One hundred and sixty-eight years after Christian-inspired rebels nearly brought China’s Qing Dynasty to its knees in the Taiping Rebellion, communist China looks set to host the largest population of Christians in the world by 2030 — a development that is no small source of anxiety for the officially atheist country’s authoritarian leaders.

The Gateway Into China

Proselytizing may be forbidden on the mainland, but step off Hong Kong’s iconic Star Ferry and into the audio and visual assault of ticket touts, digital billboards, souvenir hawkers and street acrobats and you’ll find Christians come to spread the gospel. 
As selfie-stick wielding masses jostle in front of the city’s harbor and glass skyline, leaflets attesting to Jesus’ love and eternal redemption are pressed into the hands of mainland tourists.
Hong Kong, with its greater freedoms and religious liberties, has played a vital role in oxygenating the growth of Christianity on the mainland.
Unlike in many parts of the West where Christianity is waning, a religious gold rush has swept through China since the Cultural Revolution and its fierce suppression of religion ended in 1976. Scholars estimate there are now as many as 80 to 100 million Christians, compared to 89.5 million communist party members. 
As more and more Chinese seek a spiritual alternative to political repression, Christianity continues to gain ground, increasing by an estimated 10% per year.
While Christianity is undoubtedly thriving in mainland China, faith is permitted only in official, “patriotic” churches; unregistered houses of worship may be prolific, but they are also subject to periodic crackdowns. 
According to Christian advocacy group China Aid’s most recent statistics, 1,800 house church leaders were detained in 2016.

Celebrating Easter in China Where Faith Is Curtailed

Parishioners clutch fir branches in place of palm fonds as they pray at an underground Palm Sunday service run by dissident Catholic Priest Dong Baolu in the yard of a house in Youtong village, Shijiazhuang, China, March 20, 2016. 












For these underground congregations — which are illegal, if often ignored — the Hong Kong Christian establishment offers a vital lifeline, supplying everything from monetary support, to Bibles, to blacklisted Christian literature, to training and assistance founding new churches. 
The gospel is smuggled over the border in every format imaginable: broadcast on pirate radio waves and disseminated through USB flash drives.
“They need our help because we are in the freer world and they are not,” says Hong Kong’s retired Catholic Cardinal Joseph Zen.
For evangelicals eager to sustain this fount of converts, Hong Kong serves as “the stepping stone into mainland China,” says Rev.
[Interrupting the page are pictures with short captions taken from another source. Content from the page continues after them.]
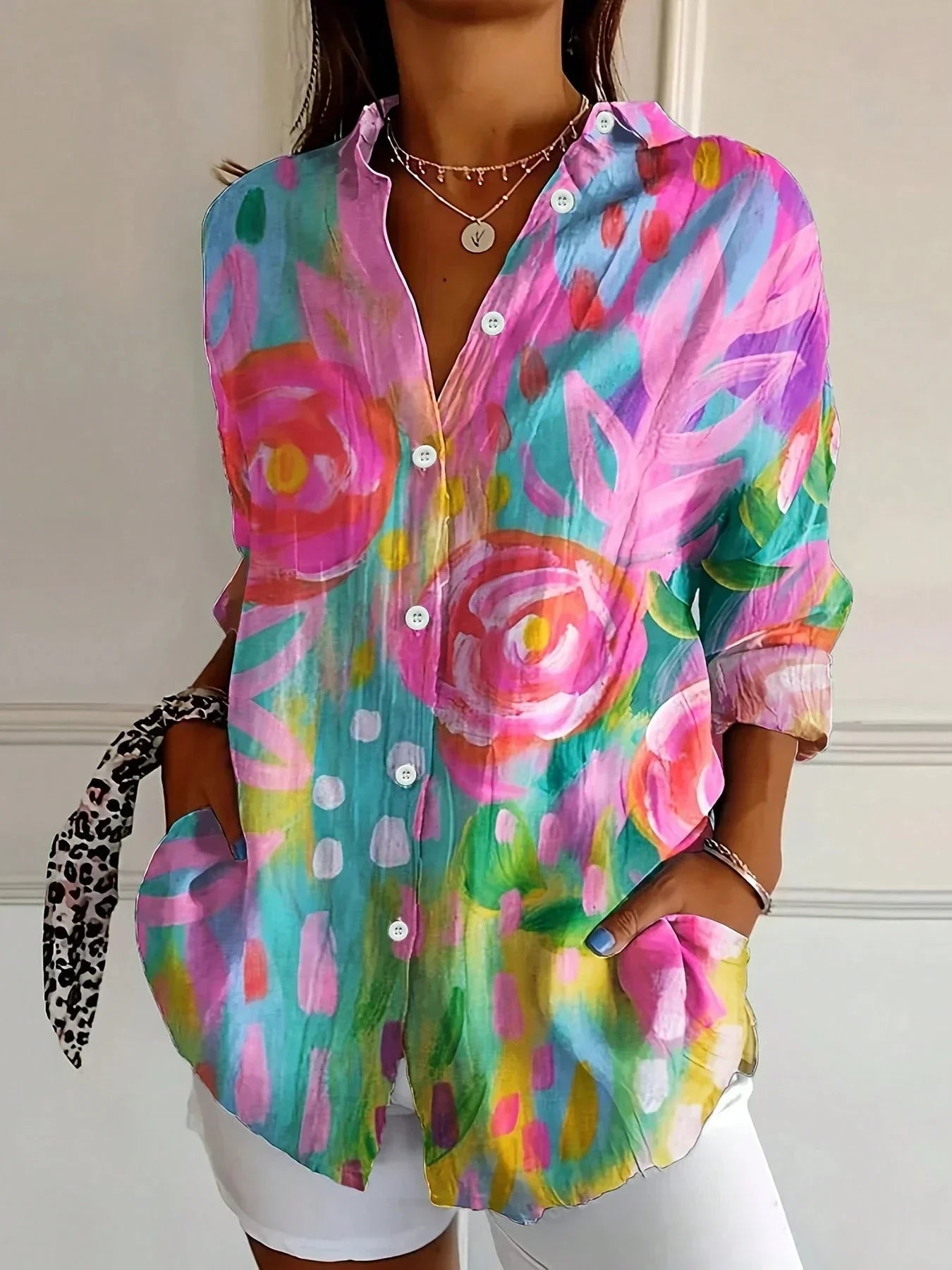 Party Refined Blouse - Flowy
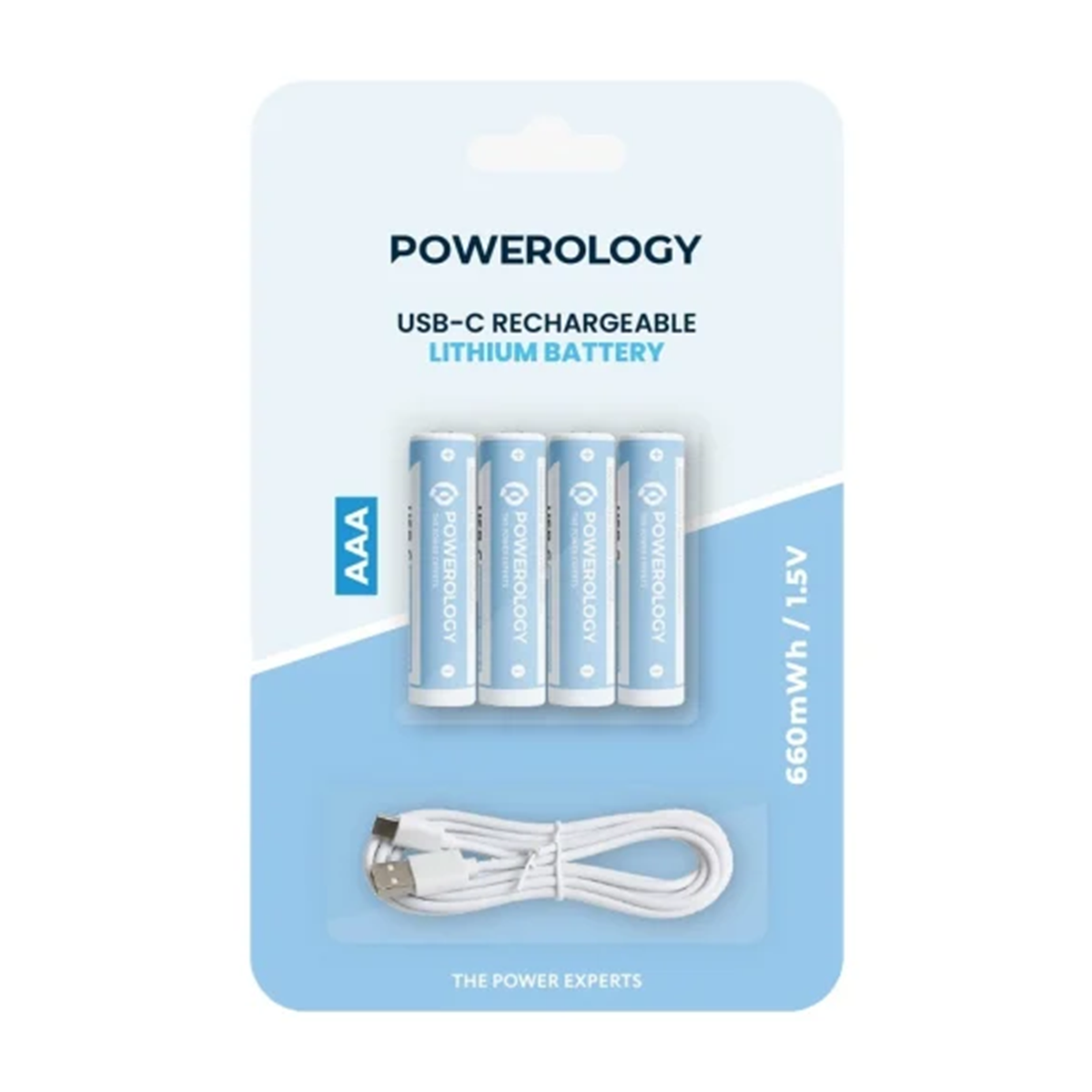 باتری قلمی شارژی آلکالاین پاورولوجی مدل PAAAV2RBT بسته 4 عددی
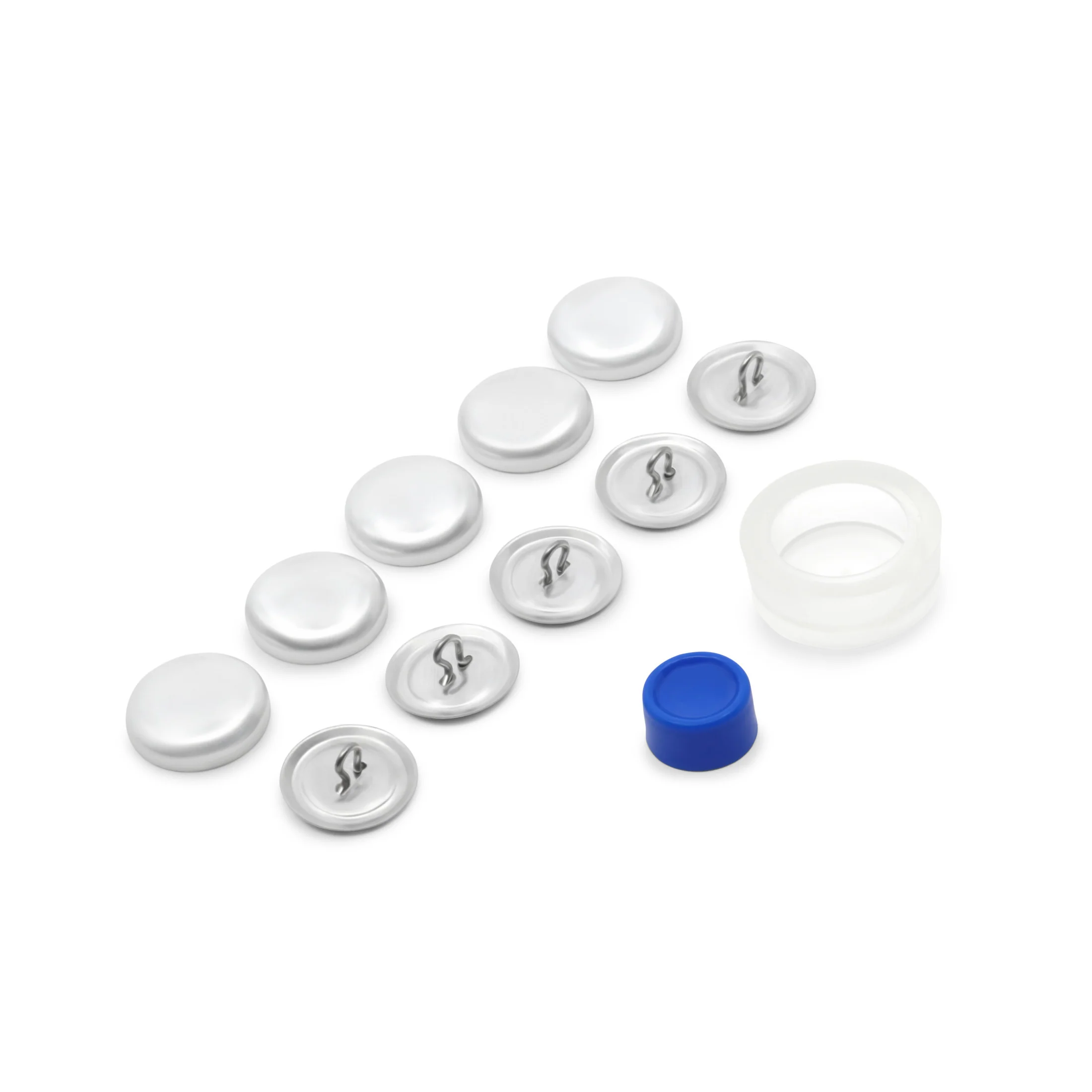 Cover Button Kit, Nickel - Image 8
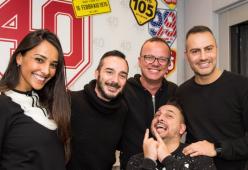 Gigi D'Alessio a 105 Take Away, le foto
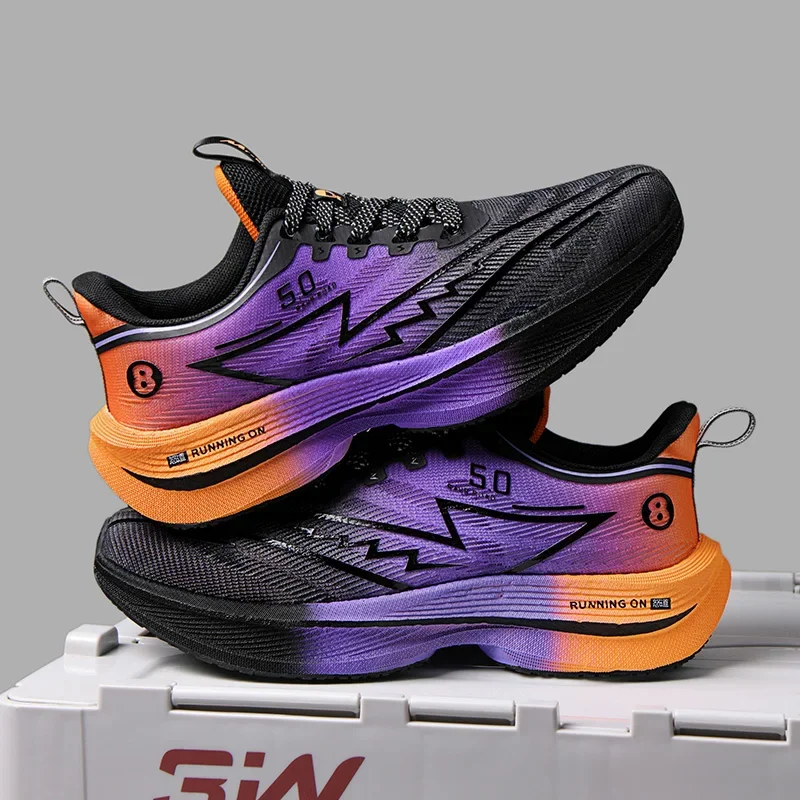 Carbon Version Marathon Sports Running Shoes Men Breathable Lightweight Women's Comfortable Athletic Nonskid Leisure Sneakers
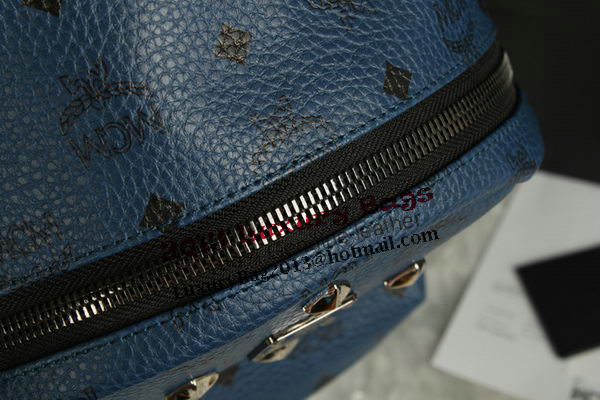 MCM Stark Backpack Large in Calf Leather 8004 RoyalBlue MCM Stark Backpack Large in Calf Leather 8004 RoyalBlue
Wu Chi-wai, general secretary of the Hong Kong Church Renewal Movement.
More than 60% of Hong Kong’s churches engage in work on the mainland, illicit or otherwise, including preaching and theological training, according to the Church Renewal Movement’s most recent, 2014 survey. 
They do so armed with Bibles, sermons, and, if the work is not officially sanctioned, an arsenal of disguises and convoluted transportation plans to counter omnipresent state surveillance.
Such business can be risky, resulting in anything from police harassment to deportation or detention in “re-education” centers. 
But as Rev. C. says, “Many church leaders believe that if you have not yet been to prison you are not committed enough in your faith.”
While China’s faithful have rapidly multiplied in number, they lack experienced leadership and qualified pastors. 
So Hong Kong has become a central hub for short-term theological intensives, distance Bible seminaries and networking conventions.
“Hong Kong’s role is to help them become a self-propagating, self-administrating establishment,” says another Hong Kong missionary, who, like Rev. C., could not be named for safety reasons.
But the future of this relationship is threatened by a revision of the 2005 religious regulations which came into force last month. 
The 77 vaguely worded provisions indicate the government’s priorities as it doubles down on extralegal worship amid a broader push to cement party-state authority.
For the first time, religious exchanges with Hong Kong, Taiwan and Macau have become a target. 
China’s house churches were previously barred from “foreign affiliations,” but now any religiously motivated trips abroad must be vetted by Beijing.
“According to the new regulations, believers from mainland China are forbidden to attend unauthorized overseas religious conferences or training, or serious penalties will be imposed. Hong Kong is part of the overseas areas,” says Bob Fu, president and founder of China Aid.
Many Hong Kong pastors are suspending or outright canceling their work for fear of endangering their followers.
“Now is a sensitive time. Many pastors tell me they will have to wait and see how [the regulations] are enforced,” says Rev. Wu.

A “Subversive Seabed”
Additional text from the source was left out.